■ **Supplied records**

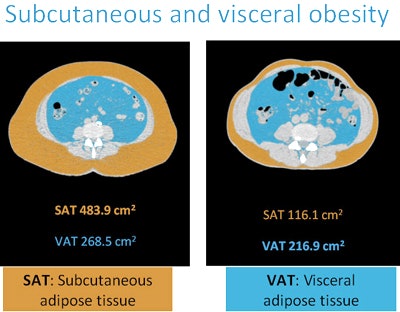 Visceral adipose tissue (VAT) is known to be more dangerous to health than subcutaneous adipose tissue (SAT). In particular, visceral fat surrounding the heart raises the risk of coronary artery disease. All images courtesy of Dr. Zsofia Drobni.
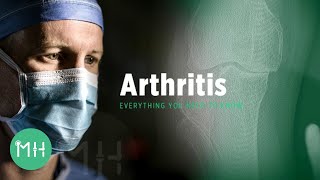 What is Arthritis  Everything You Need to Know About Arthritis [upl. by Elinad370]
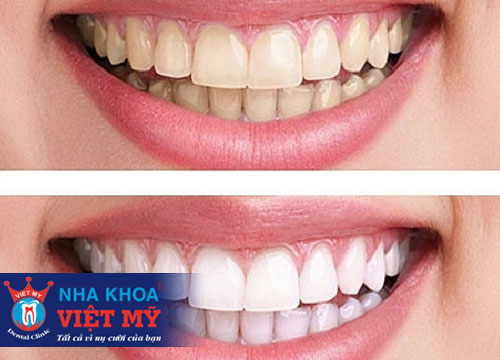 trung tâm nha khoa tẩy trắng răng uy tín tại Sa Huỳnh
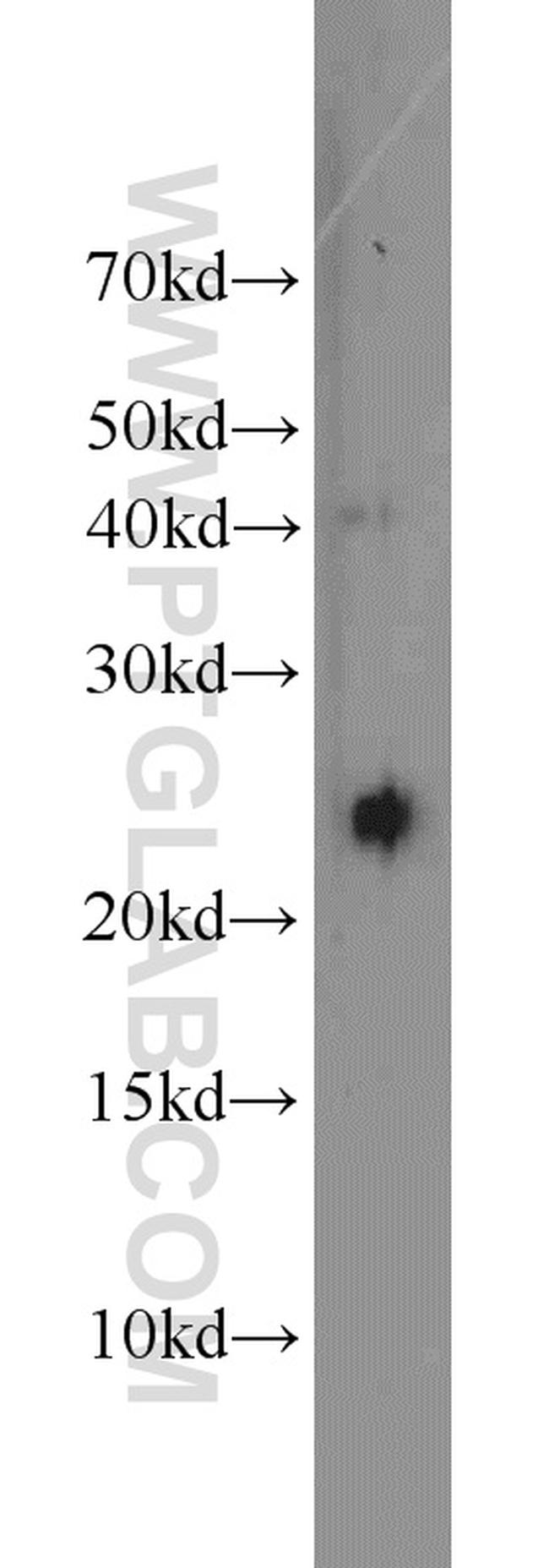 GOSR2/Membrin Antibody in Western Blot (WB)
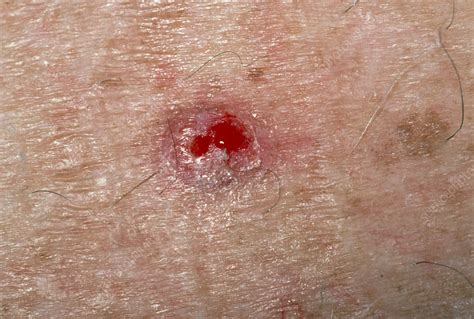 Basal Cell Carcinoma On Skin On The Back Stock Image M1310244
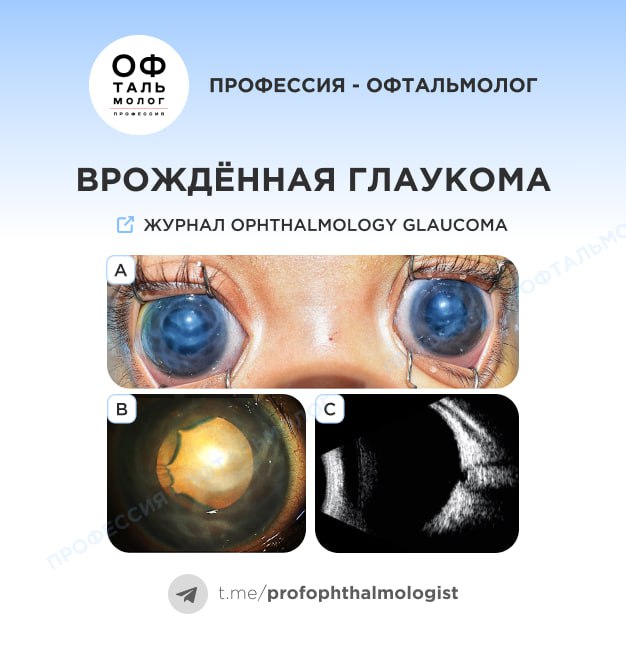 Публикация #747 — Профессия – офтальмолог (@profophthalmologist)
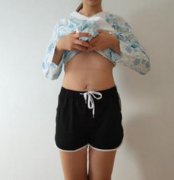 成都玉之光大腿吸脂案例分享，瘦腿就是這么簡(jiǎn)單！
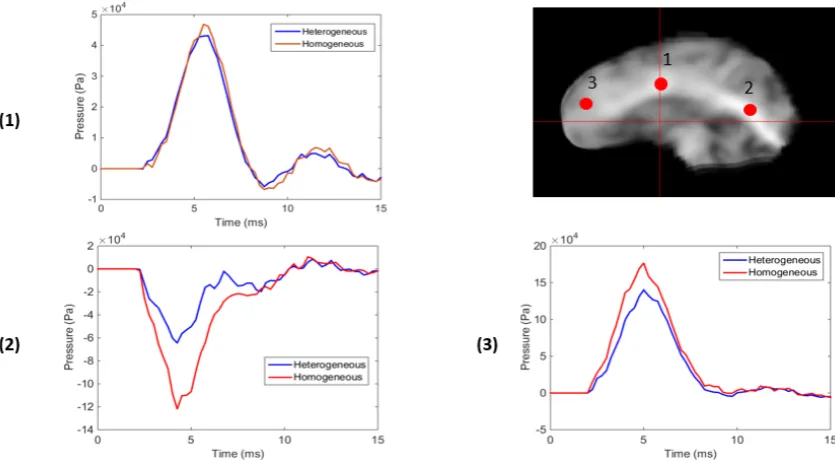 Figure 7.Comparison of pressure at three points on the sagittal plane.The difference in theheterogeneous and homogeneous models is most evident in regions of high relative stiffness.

■ **Work instructions**
Reproduce exactly, with every picture left out, the lines from the one that contains "GOSR2/Membrin Antibody in Western Blot (WB)" to the final line of the records above.

■ **Solution for this exercise**
 GOSR2/Membrin Antibody in Western Blot (WB)
 Basal Cell Carcinoma On Skin On The Back Stock Image M1310244
 Публикация #747 — Профессия – офтальмолог (@profophthalmologist)
 成都玉之光大腿吸脂案例分享，瘦腿就是這么簡(jiǎn)單！
 Figure 7.Comparison of pressure at three points on the sagittal plane.The difference in theheterogeneous and homogeneous models is most evident in regions of high relative stiffness.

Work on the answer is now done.